# Fertility investigations & have some questions



## Sandersing20 (Aug 16, 2017)

Hi,

I am new to FF and would love if someone could advise me as to what fertility investigations I could expect. 

To give you a bit of background, I am 37, living in London and had m/c in April '17 after 10 weeks of pregnancy. Baby had stopped growing at 7 weeks, found out at 10 week scan and took tablets to miscarry at 12 weeks. It was my first pregnancy. 

DH and I had been trying for 9 months prior to that. Now in fifth cycle since m/c. We have had initial blood tests, internal scan (without the dye though..) and sperm test to be told all ok. I haven't had AMH yet though as I'm not sure I want it. 

We have been referred to Chelsea Westminster unit for a consultation and wondered what I can expect as regards further testing. I would almost prefer that something else is found rather than be told that it is unexplained fertility and encouraged towards IVF. Can anyone who has been in my position advise what tests I may expect, or indeed should ask for at all please?
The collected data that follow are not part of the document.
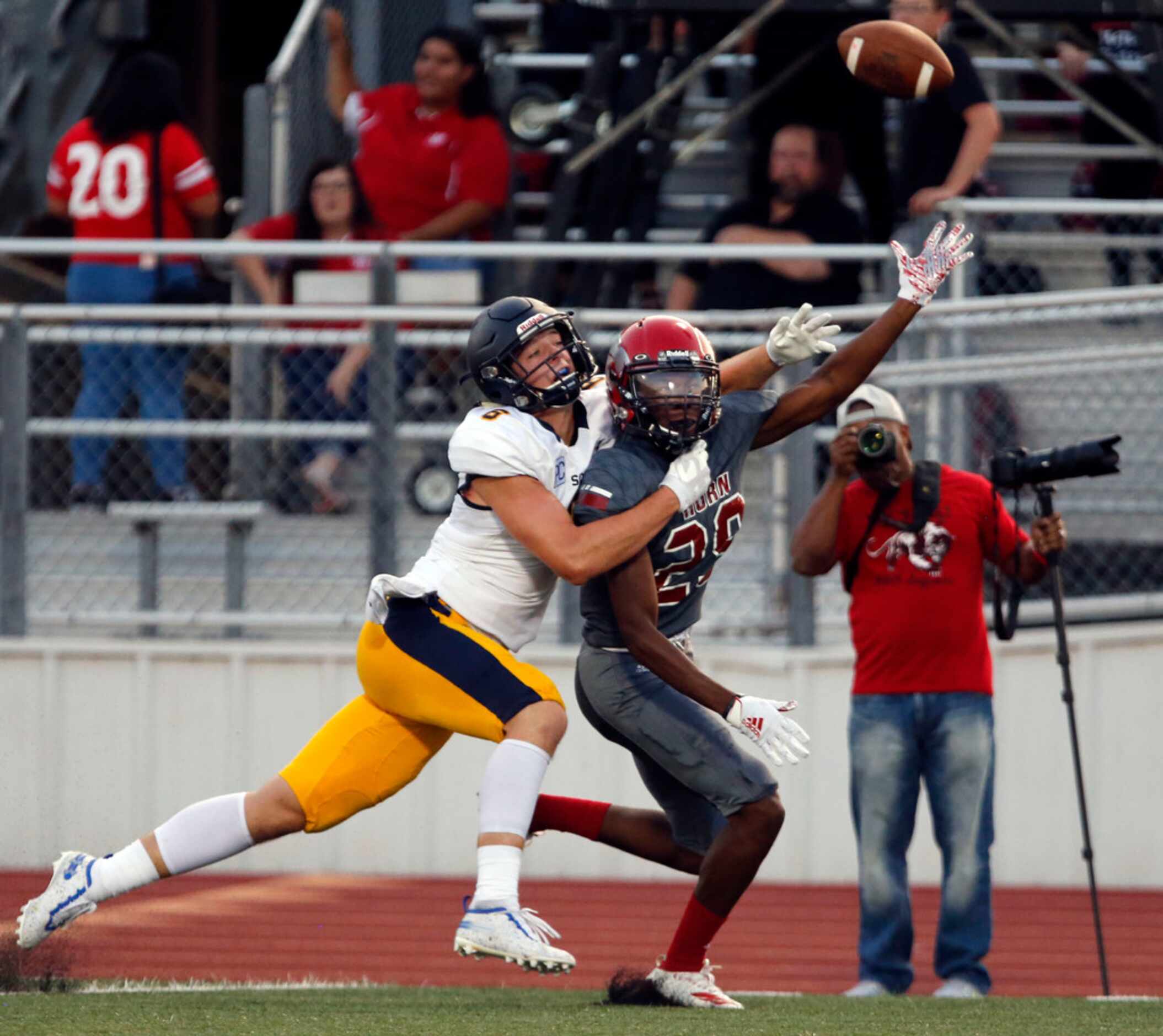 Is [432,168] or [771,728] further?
[432,168]

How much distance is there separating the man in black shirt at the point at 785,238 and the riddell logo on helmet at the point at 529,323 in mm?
3487

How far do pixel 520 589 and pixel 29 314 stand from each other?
12.8 ft

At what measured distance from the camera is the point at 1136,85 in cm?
1020

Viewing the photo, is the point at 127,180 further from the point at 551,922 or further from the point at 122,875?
the point at 122,875

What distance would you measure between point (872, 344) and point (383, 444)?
10.6 ft

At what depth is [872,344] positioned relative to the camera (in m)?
5.50

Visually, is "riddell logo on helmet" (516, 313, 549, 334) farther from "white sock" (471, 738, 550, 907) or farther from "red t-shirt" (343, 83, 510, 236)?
"red t-shirt" (343, 83, 510, 236)

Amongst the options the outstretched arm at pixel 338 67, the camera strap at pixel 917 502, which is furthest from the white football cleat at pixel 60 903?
the outstretched arm at pixel 338 67

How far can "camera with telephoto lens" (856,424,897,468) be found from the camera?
6.26 m

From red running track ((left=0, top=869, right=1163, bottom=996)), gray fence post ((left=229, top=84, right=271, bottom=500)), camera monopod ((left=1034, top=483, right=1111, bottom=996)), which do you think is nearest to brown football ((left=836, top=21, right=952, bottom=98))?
camera monopod ((left=1034, top=483, right=1111, bottom=996))

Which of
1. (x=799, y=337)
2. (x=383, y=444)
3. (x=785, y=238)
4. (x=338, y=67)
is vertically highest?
(x=338, y=67)

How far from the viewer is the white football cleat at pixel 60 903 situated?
5.32 m

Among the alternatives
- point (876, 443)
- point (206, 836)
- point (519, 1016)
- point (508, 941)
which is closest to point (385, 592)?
point (206, 836)

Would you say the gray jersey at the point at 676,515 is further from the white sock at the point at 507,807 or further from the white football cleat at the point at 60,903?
the white football cleat at the point at 60,903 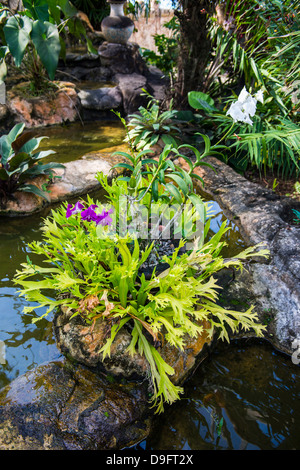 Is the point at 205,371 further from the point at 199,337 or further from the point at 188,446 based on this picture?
the point at 188,446

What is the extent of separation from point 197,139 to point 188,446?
3.18 metres

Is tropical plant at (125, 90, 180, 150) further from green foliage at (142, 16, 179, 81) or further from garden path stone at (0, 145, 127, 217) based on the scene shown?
green foliage at (142, 16, 179, 81)

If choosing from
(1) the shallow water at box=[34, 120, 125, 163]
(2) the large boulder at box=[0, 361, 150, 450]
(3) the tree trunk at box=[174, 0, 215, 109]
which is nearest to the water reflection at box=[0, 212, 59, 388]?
(2) the large boulder at box=[0, 361, 150, 450]

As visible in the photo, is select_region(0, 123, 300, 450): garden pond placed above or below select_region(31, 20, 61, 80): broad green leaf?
below

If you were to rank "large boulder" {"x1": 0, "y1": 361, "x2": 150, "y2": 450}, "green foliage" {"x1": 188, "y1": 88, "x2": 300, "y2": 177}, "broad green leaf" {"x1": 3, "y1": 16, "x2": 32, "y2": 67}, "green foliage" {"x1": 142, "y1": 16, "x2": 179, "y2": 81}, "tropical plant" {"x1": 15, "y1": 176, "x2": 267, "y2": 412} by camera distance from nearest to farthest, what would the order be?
1. "large boulder" {"x1": 0, "y1": 361, "x2": 150, "y2": 450}
2. "tropical plant" {"x1": 15, "y1": 176, "x2": 267, "y2": 412}
3. "green foliage" {"x1": 188, "y1": 88, "x2": 300, "y2": 177}
4. "broad green leaf" {"x1": 3, "y1": 16, "x2": 32, "y2": 67}
5. "green foliage" {"x1": 142, "y1": 16, "x2": 179, "y2": 81}

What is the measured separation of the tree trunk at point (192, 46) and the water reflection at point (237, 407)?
345 centimetres

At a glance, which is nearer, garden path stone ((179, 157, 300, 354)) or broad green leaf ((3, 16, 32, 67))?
garden path stone ((179, 157, 300, 354))

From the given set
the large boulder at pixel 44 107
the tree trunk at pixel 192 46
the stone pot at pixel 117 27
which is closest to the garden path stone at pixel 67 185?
the tree trunk at pixel 192 46

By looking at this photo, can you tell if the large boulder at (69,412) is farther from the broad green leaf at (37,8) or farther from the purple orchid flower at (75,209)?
the broad green leaf at (37,8)

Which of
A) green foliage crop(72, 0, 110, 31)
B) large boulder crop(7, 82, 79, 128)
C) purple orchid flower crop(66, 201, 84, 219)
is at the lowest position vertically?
large boulder crop(7, 82, 79, 128)

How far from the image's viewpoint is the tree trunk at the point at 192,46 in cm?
347

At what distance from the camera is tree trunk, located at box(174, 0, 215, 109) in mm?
3467

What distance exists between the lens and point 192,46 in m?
3.73

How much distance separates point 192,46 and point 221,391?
3767 millimetres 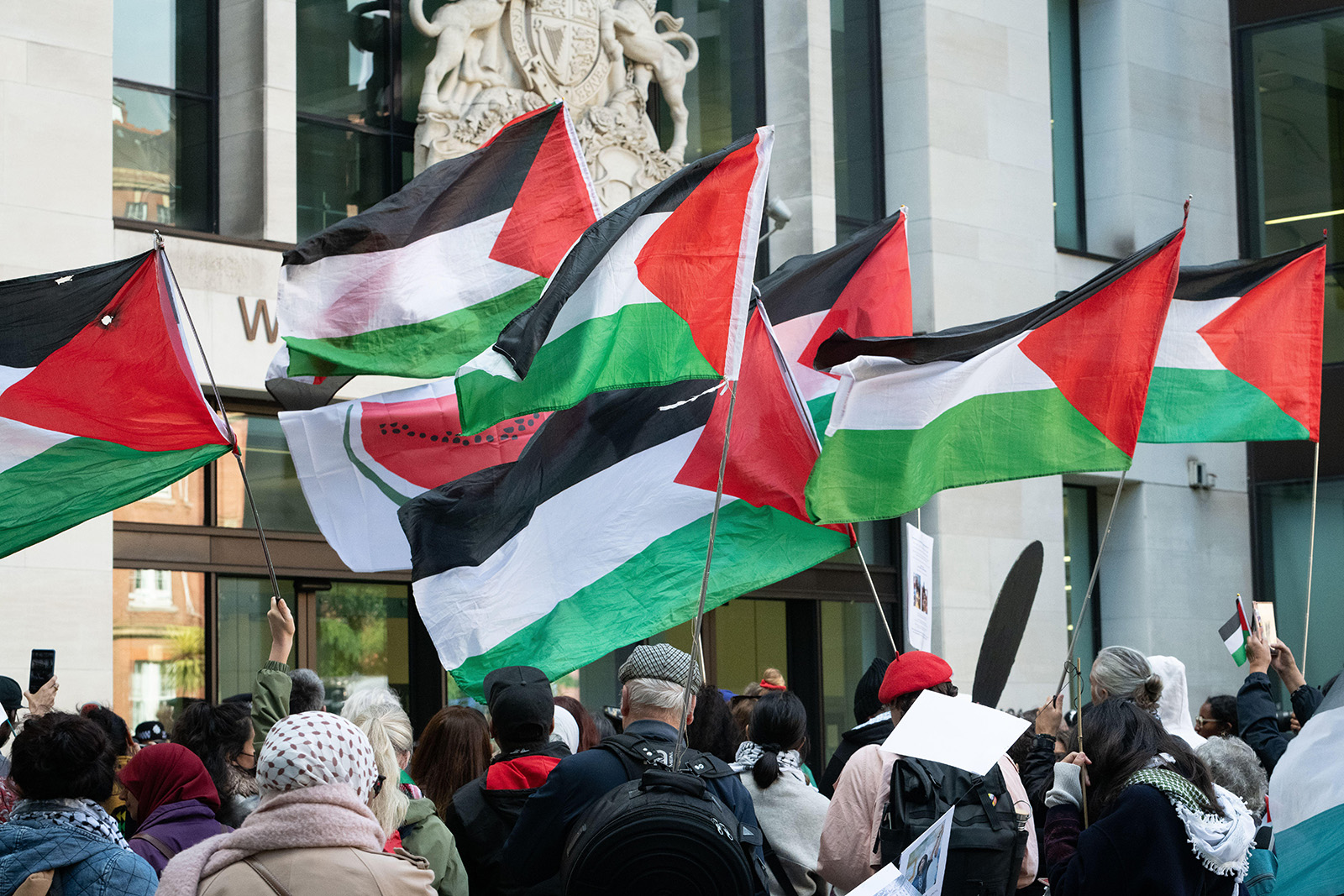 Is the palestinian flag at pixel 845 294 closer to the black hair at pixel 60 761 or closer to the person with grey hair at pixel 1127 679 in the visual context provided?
the person with grey hair at pixel 1127 679

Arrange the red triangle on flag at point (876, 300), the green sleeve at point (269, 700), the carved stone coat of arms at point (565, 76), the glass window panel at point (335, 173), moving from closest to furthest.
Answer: the green sleeve at point (269, 700), the red triangle on flag at point (876, 300), the glass window panel at point (335, 173), the carved stone coat of arms at point (565, 76)

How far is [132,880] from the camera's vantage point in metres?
4.66

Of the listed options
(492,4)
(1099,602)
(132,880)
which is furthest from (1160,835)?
(1099,602)

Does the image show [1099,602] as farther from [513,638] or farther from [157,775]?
[157,775]

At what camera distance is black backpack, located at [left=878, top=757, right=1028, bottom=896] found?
5426mm

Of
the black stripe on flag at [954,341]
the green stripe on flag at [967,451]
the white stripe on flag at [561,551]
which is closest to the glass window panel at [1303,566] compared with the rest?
the black stripe on flag at [954,341]

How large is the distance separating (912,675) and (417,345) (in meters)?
3.46

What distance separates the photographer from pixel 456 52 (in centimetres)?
1455

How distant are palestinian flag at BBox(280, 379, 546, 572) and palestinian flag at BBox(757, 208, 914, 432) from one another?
4.56 ft

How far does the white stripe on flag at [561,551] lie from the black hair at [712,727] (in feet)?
3.21

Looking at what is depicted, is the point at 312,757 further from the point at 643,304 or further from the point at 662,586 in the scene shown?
the point at 662,586

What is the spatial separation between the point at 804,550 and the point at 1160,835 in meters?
2.61

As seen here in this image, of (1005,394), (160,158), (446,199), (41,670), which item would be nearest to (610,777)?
(1005,394)

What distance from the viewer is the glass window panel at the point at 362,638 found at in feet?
46.3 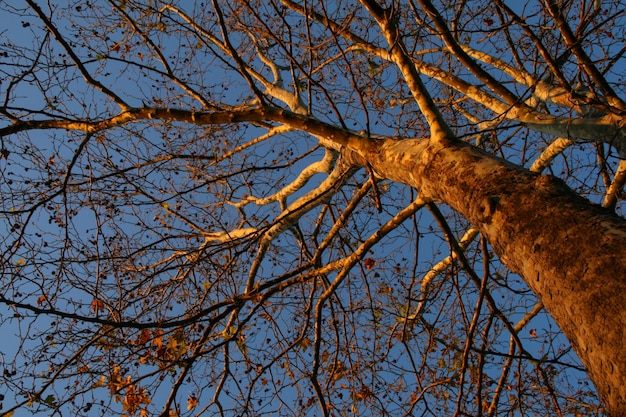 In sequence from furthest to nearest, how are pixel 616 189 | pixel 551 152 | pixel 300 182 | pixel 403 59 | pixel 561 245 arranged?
1. pixel 300 182
2. pixel 551 152
3. pixel 616 189
4. pixel 403 59
5. pixel 561 245

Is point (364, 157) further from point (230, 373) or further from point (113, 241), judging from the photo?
point (113, 241)

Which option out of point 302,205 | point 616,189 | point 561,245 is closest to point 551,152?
point 616,189

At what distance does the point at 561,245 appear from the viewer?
124cm

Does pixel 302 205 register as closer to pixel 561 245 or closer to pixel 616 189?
pixel 616 189

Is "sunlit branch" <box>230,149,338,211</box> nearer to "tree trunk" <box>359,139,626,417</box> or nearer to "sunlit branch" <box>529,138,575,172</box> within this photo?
"sunlit branch" <box>529,138,575,172</box>

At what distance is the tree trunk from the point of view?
3.40 ft

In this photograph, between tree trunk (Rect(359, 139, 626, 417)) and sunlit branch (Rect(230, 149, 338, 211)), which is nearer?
tree trunk (Rect(359, 139, 626, 417))

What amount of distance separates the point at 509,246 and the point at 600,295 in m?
0.39

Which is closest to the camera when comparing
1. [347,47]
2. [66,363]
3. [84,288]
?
[66,363]

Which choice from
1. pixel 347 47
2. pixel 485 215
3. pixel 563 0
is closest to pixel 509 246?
pixel 485 215

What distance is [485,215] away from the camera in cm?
156

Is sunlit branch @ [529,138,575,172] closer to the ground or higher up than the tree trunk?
higher up

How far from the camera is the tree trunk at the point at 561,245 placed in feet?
3.40

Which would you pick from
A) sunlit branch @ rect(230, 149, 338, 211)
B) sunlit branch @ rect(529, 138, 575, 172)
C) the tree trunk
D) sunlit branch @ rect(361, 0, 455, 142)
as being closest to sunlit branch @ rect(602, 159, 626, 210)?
sunlit branch @ rect(529, 138, 575, 172) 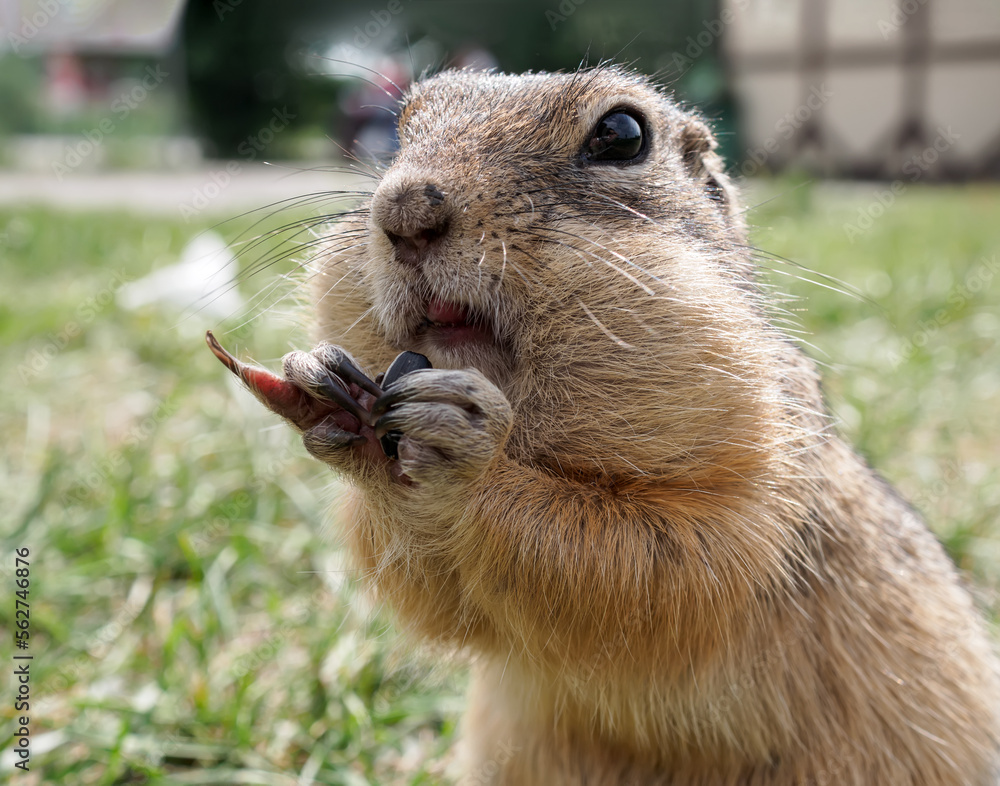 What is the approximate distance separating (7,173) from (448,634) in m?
18.0

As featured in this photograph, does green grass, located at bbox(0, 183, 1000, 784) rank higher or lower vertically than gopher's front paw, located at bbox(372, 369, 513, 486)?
lower

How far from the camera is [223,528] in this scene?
392 centimetres

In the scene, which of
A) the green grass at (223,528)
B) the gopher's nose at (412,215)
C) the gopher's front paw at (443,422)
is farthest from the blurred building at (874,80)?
the gopher's front paw at (443,422)

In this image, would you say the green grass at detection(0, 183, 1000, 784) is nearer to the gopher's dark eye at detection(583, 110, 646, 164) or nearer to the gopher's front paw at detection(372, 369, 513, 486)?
the gopher's dark eye at detection(583, 110, 646, 164)

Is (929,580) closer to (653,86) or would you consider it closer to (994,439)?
(653,86)

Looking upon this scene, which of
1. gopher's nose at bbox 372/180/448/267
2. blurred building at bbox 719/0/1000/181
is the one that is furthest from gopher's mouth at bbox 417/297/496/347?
blurred building at bbox 719/0/1000/181

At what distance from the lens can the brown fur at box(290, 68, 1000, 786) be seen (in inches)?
75.5

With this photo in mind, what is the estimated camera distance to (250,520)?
4.02 metres

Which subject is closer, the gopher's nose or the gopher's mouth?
the gopher's nose

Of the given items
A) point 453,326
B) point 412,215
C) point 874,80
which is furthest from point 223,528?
point 874,80

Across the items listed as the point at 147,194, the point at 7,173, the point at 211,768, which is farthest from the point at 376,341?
the point at 7,173

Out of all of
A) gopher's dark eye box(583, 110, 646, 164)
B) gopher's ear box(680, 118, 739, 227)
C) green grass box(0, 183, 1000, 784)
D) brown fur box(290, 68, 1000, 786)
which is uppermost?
gopher's dark eye box(583, 110, 646, 164)

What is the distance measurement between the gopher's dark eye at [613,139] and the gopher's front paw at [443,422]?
2.45 ft

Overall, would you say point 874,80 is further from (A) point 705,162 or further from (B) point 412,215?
(B) point 412,215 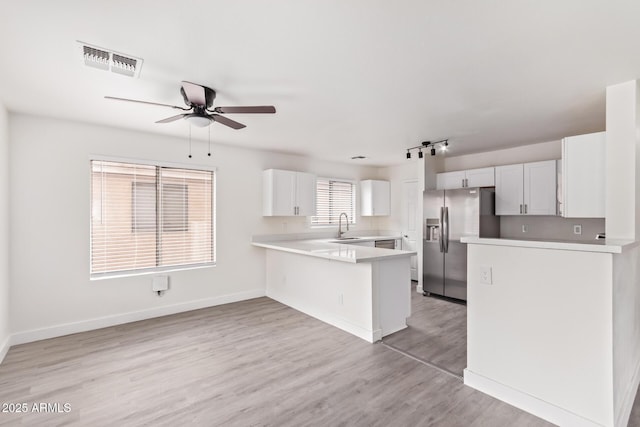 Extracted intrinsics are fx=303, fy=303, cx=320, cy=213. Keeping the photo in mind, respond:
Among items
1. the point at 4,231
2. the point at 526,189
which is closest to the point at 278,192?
the point at 4,231

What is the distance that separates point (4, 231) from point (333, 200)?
4762mm

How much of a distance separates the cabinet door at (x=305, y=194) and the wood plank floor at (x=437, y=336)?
2.31m

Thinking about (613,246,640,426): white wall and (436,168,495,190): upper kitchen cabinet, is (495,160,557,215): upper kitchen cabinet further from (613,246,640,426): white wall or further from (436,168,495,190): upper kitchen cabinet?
(613,246,640,426): white wall

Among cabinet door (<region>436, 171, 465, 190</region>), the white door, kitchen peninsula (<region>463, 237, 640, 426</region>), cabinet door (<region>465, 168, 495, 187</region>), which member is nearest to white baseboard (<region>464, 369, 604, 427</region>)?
kitchen peninsula (<region>463, 237, 640, 426</region>)

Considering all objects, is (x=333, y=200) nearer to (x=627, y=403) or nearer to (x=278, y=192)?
(x=278, y=192)

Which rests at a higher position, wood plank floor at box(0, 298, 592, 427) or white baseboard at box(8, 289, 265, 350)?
white baseboard at box(8, 289, 265, 350)

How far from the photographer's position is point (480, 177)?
5.00 meters

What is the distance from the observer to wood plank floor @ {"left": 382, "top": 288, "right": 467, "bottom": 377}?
9.48 feet

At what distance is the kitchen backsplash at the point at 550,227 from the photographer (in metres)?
4.17

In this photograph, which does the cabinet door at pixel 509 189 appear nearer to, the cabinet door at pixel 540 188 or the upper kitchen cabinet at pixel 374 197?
the cabinet door at pixel 540 188

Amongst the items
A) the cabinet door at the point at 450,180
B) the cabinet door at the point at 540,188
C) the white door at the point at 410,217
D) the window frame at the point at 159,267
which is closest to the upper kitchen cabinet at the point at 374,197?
the white door at the point at 410,217

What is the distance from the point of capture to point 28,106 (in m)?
3.06

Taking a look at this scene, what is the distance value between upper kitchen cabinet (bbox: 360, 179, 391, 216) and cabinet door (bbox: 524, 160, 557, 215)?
2.73 metres

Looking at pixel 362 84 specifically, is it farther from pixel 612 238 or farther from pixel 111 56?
pixel 612 238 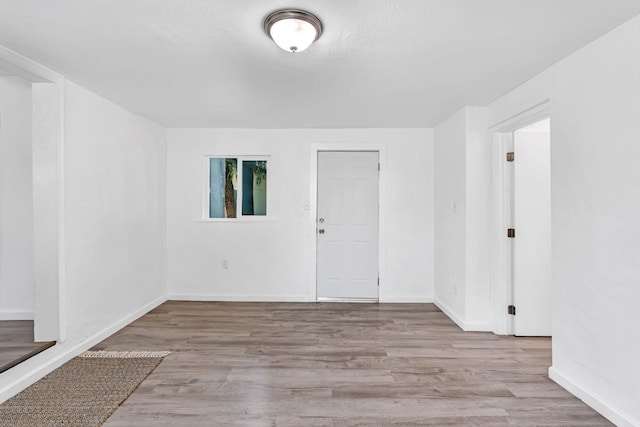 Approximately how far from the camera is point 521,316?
125 inches

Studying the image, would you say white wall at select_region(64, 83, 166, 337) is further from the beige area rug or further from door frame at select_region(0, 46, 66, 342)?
the beige area rug

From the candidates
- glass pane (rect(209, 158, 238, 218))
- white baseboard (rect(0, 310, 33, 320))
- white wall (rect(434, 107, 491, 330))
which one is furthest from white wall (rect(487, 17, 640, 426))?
white baseboard (rect(0, 310, 33, 320))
Many thanks!


----------



## WatermelonBelly (May 18, 2017)

It doesn't sound necessarily infertile to me. You conceived after 9 months which is perfectly normal. You have now been trying for 5 so you would need to struggle for much longer to be considered. When you miscarried, we're there any tests done to determine if it was because of chromosomal issues? 

Also, do you remember your husband's sperm parameters? Time to pregnancy is very strongly correlated with numbers, motility and morphology. Even if it isn't subfertile, it might not be the superman  type likely to impregnate as soon as you start trying.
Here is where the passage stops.